I have spent the last three weeks in what I can only describe as EMR immersion therapy. I've watched demo videos, read user forums, attended webinars, harassed DPC physician friends for their honest opinions, and filled out more "request a demo" forms than I care to count. The EMR landscape for small and solo practices is simultaneously more diverse and more confusing than I expected, and I want to walk you through my evaluation process.
First, my criteria. I developed a list of seventeen evaluation factors, weighted by importance. The top-tier criteria, the ones that could make or break a choice, are: quality of clinical documentation workflow (can I create a thorough note quickly and without hating my life?), AI-assisted documentation (does it have ambient listening or similar technology?), mobile capability (can I chart from my phone when I'm not at the office?), patient communication tools (messaging, scheduling, forms), and e-prescribing with EPCS. The mid-tier criteria include: lab integration, offline functionality, cost, patient portal quality, and ease of use. The lower-tier criteria, still important but not dealbreakers, include: reporting capabilities, customization options, customer support reputation, and integration with third-party tools.
Now, the five EMRs I'm evaluating. I'm not going to name all of them in this post because I want to be fair and present my complete analysis, but I'll describe them in general terms and give you a sense of where each stands.
Option A is one of the established DPC-focused EMRs that many physicians in the community use. It's been around for several years and has a loyal user base. The interface is functional but dated. It handles the basics well: charting, prescribing, patient communication. The membership management features are solid, built specifically for the DPC model. But the documentation workflow feels clunky to me, and there's no AI assistance for note-taking. The mobile app exists but feels like an afterthought. Pricing is reasonable at about $250 per month.
Option B is a newer cloud-based EMR that's been getting buzz in DPC circles. The interface is modern and clean, and the patient portal is genuinely well-designed. It has decent e-prescribing and some lab integration. However, when I dug into the documentation workflow, I found it surprisingly rigid. The templates are pre-built and not very customizable. There's no ambient AI. The mobile experience is just a responsive web app, not a native application. Pricing: $200 per month.
Option C is a general small-practice EMR that's not DPC-specific but has been adopted by some DPC physicians. It's powerful and highly customizable. The documentation tools are strong, with good templating and macro support. E-prescribing is solid. However, it's complex to set up, requires significant configuration for DPC workflows, and the learning curve is steep. It also doesn't have built-in membership management, so I'd need a separate tool for that. No AI documentation. Pricing: $350 per month for a solo provider.
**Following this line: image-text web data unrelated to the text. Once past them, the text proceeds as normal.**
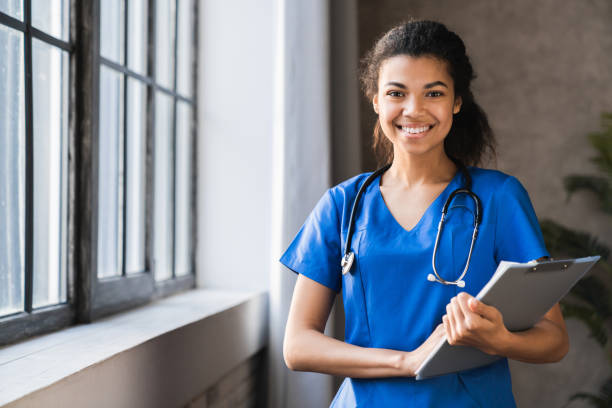 médico afro-americano que trabalha em hospital, saúde e conceito médico. estetoscópio em volta do pescoço dela. médica negra do sexo feminino preenchendo formulário médico na prancheta enquanto estava em pé no hospital - estágio - fotografias e filmes do acervo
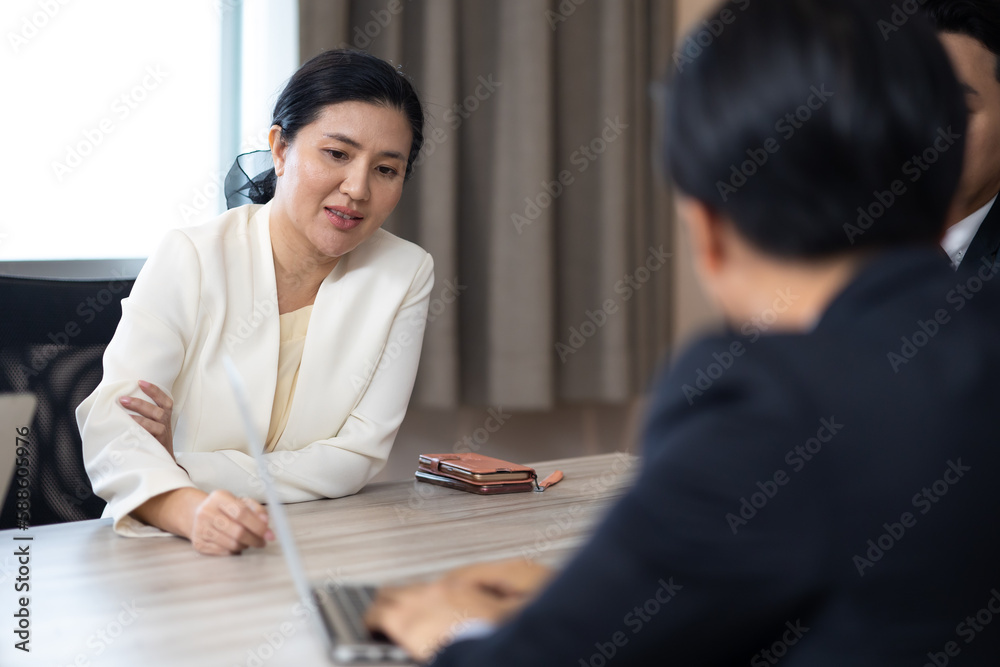Professional business team people and manager in meeting with laptop computer. Asian business man and woman Professional business team people and manager in meeting with laptop computer. Asian business man and woman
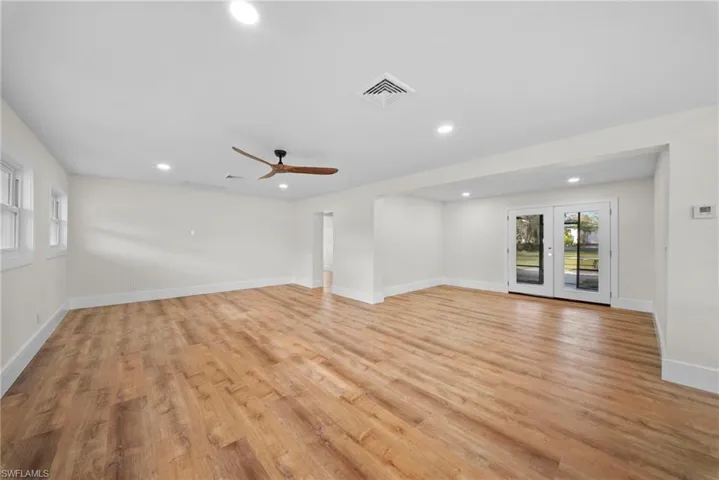 Empty room featuring french doors, plenty of natural light, light wood-type flooring, recessed lighting, and ceiling fan
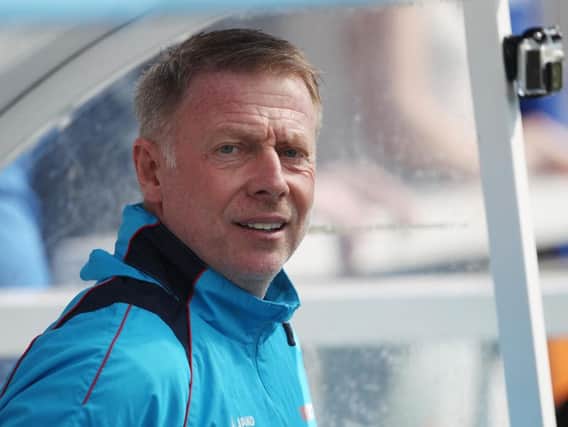 Hartlepool United, managed by Craig Hignett (above) travel to Holker Street to take on AFC Barrow today.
Option D is a well-known legacy system that I actually used briefly during residency. It has extensive clinical features and a huge user base. But it was designed for larger practices and insurance-based workflows. The interface feels heavy and over-engineered for what I need. The cost reflects this: $400+ per month for a solo provider, and that doesn't include the implementation fee. This one is probably not the right fit, but I included it for completeness.
Option E is Hero EMR, which I first heard about from a DPC physician in Colorado who mentioned it during a conference call. It's a relatively newer platform that was built from the ground up for modern small practices, with strong DPC support. What immediately caught my attention is their ambient AI scribe feature, which uses artificial intelligence to listen to the patient encounter and automatically generate SOAP notes. If that works as advertised, it could be transformative for my documentation workflow. They also have native mobile apps (not just a responsive website), e-prescribing with EPCS, Quest Labs integration, and something they call an "agentic inbox" that unifies all patient communications in one place. They also mention a smart phone agent that handles scheduling and a patient self-registration system via text. The feature list is honestly almost too good, which makes me a little skeptical. I've requested a full demo.
At this point, I've eliminated Option D as too heavy and expensive for my needs. Options A and B are solid but uninspiring. Option C is powerful but would require a lot of setup work and additional tools. Option E (Hero EMR) is the most intriguing but I haven't seen it in action yet.
I have demos scheduled with my top three choices over the next two weeks. I'm going to prepare a standardized set of scenarios to test during each demo: creating a new patient record, documenting a complex visit, e-prescribing a controlled substance, reviewing lab results, and communicating with a patient. Same scenarios, every platform, apples to apples.
I'll report back next month with the results. I'm genuinely curious to see whether Hero EMR's AI features live up to the marketing, because if they do, it could fundamentally change my daily documentation workflow. And after eight years of fighting with documentation systems, that possibility alone is enough to make me cautiously optimistic.